Hecht not only bucked the big studios, he was a tremendous success at it. Many of his films, like “Crimson Pirate” in 1952 and the critically acclaimed “Sweet Smell of Success” in 1957, starred his longtime friend and partner Burt Lancaster, whom Hecht met in 1946 while working as an agent in New York. Shortly thereafter the two formed their own production company.
Hecht and Lancaster, with an additional partner, producer James Hill, produced a number of commercial hits, including “The Crimson Pirate,” a spoof of the swashbuckling film genre, but it was “Marty,” the stark and poignant story of a 34-year-old Brooklyn butcher who felt he was too ugly to find love, that brought Hecht his greatest success.
Translated to film from its original television version, the Paddy Chayefsky play was a daring, new approach for the movies--a simple, riveting look at the lives of ordinary people starring unknown New York actors.
The film won four Academy Awards in l955, including best picture. Oscars also went to Chayefsky for his screenplay, Delbert Mann for directing, and a best actor Oscar went to an unknown former pipefitter named Ernest Borgnine.
Born in New York on June 1, l907, Hecht joined the American Laboratory Theater at age 16. He later appeared as a dancer and actor with the Metropolitan Opera and the Martha Graham dance companies.
Hecht came to Hollywood in the early 1930s, where with the help of friend Busby Berkeley, he became a dance director, working on classics like the Marx Brothers’ “Horse Feathers” and Mae West’s “She Done Him Wrong.”

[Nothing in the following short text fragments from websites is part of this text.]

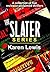 The Slater Series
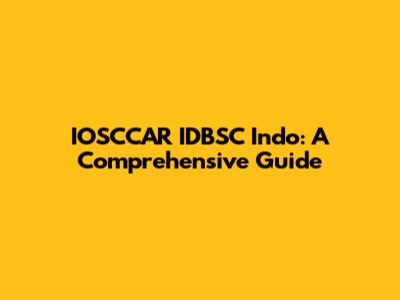 IOSCCAR IDBSC Indo: A Comprehensive Guide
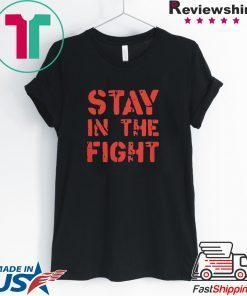 Stay in the Fight Gift T-Shirt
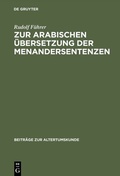 Cover: Zur arabischen &Uuml;bersetzung der Menandersentenzen - De Gruyter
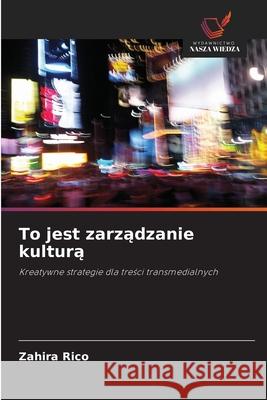 To jest zarzadzanie kultura Rico, Zahira 9786208972028 Wydawnictwo Nasza Wiedza - książka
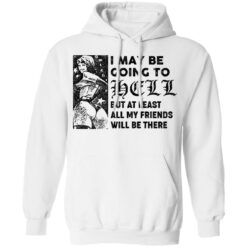 I may be going to hell but at least all my friends will be there shirt $19.95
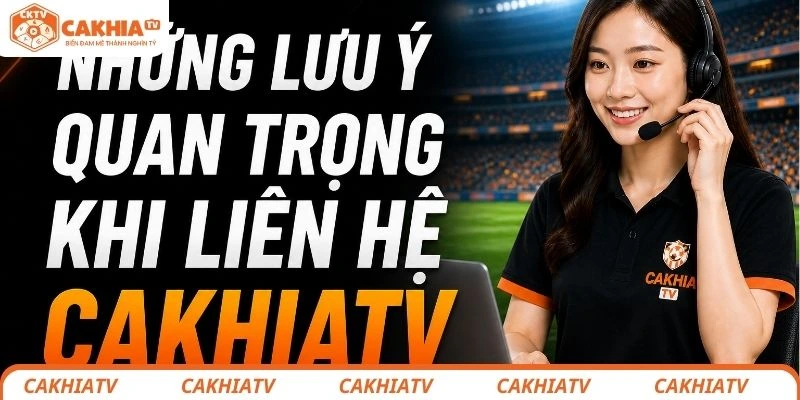Những lưu ý khi liên hệ 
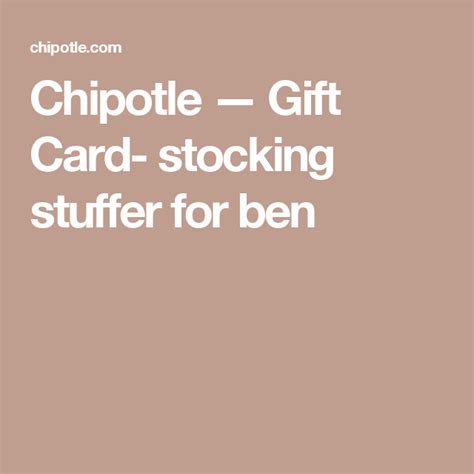 Maybe you would like to learn more about one of these? Chipotle — Gift Card- stocking stuffer for ben | Chipotle ...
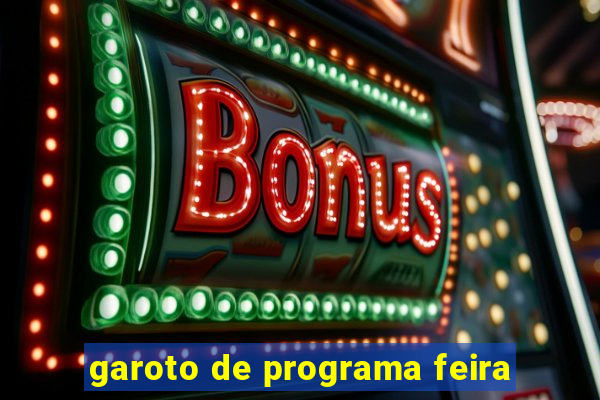 garoto de programa feira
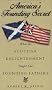 America's Founding Secret: What the Scottish Enlightenment Taught Our Founding Fathers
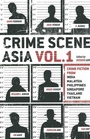 Cover: Crime Scene Asia: Vol. 1 - Monsoon Books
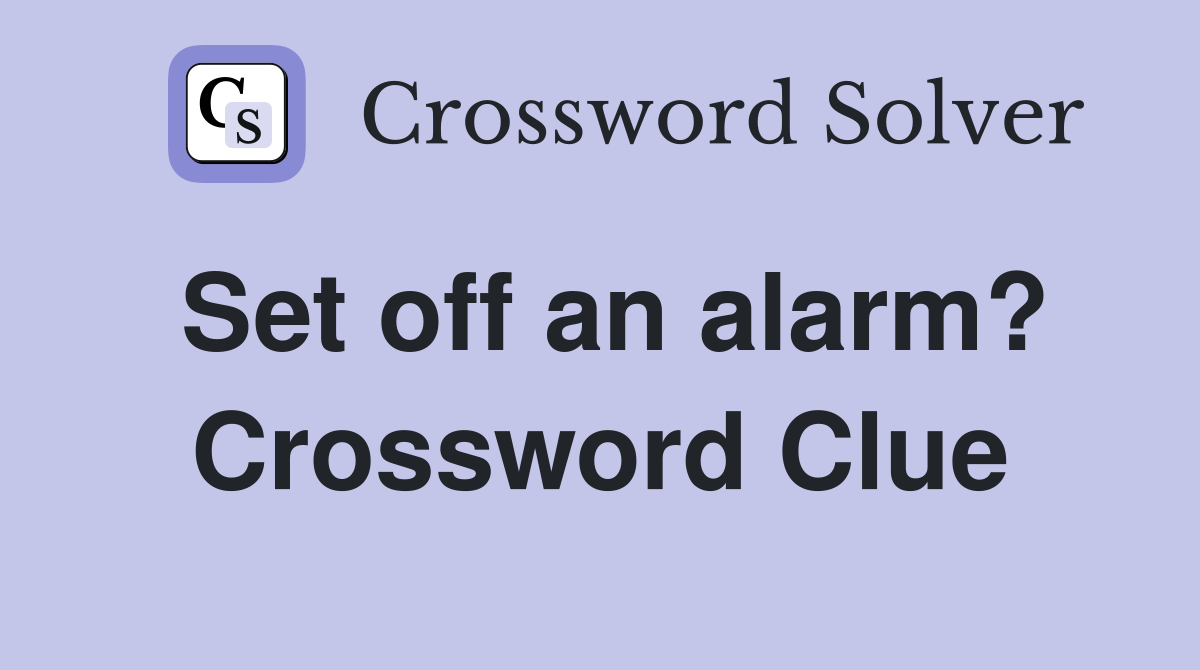 Set off an alarm? Crossword Clue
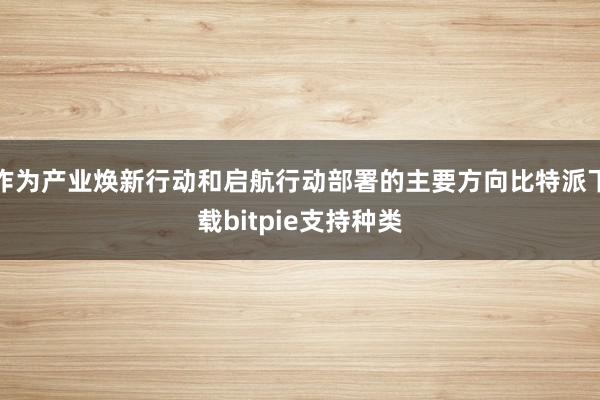 作为产业焕新行动和启航行动部署的主要方向比特派下载bitpie支持种类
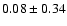 $0.08\pm0.34$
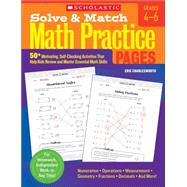 Solve & Match Math Practice Pages 50+ Motivating, Self-Checking Activities That Help Kids Review and Master Essential Math Skills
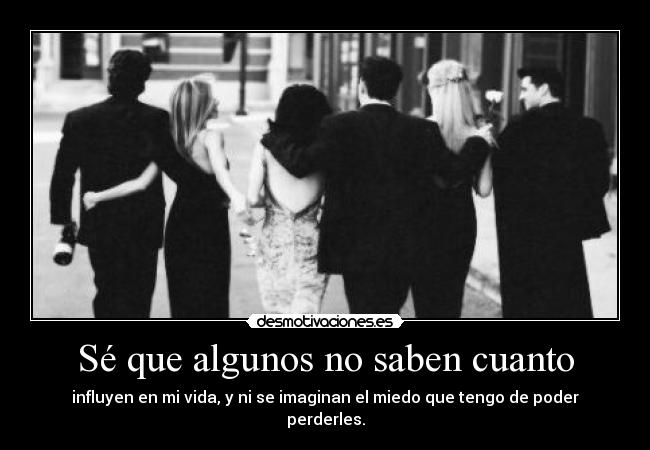 Sé que algunos no saben cuanto - 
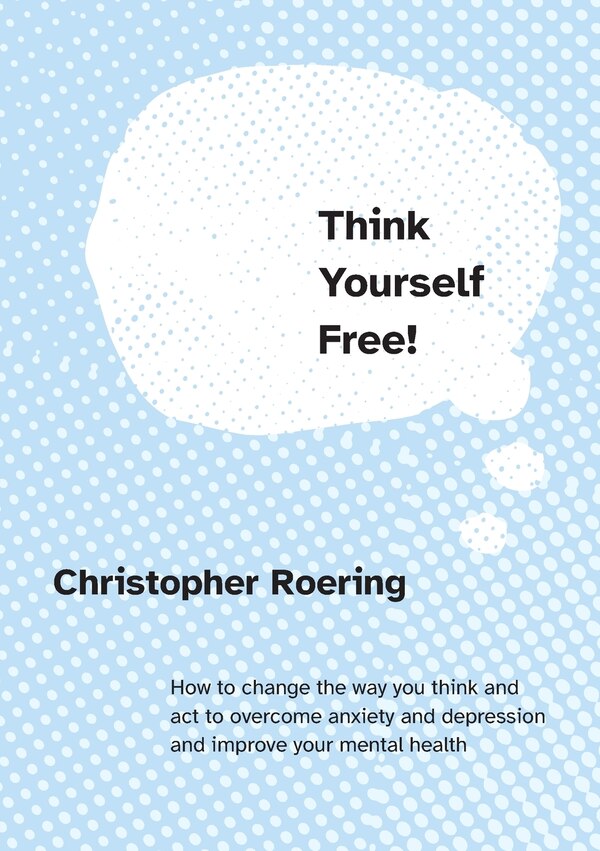 Think Yourself Free by Christopher Roering, Paperback | Indigo Chapters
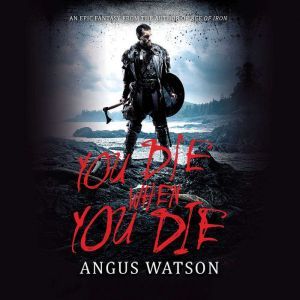 You Die When You Die, Angus Watson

After a brief World War II Army stint, Hecht returned to New York and became a literary agent, later broadening his clientele to include actors and directors, and finally enlisting Lancaster in his real dream: independent film production.
Their company opened a new era in Hollywood film making: controlling every aspect of the movie process from securing a property, to working with writers, selecting actors and, finally, editing, marketing and publicity.
In the mid-l960s, however, increased production costs forced the company to disband. “We lost the luxury of being able to take our time,” Lancaster said.
Hecht kept on producing, and in 1965 made “Cat Ballou.” In that picture, Lee Marvin won a best actor Oscar for his dual role and was firmly established as a movie star.
Memorial services will be held Thursday at 2 p.m. at Westwood Memorial Park.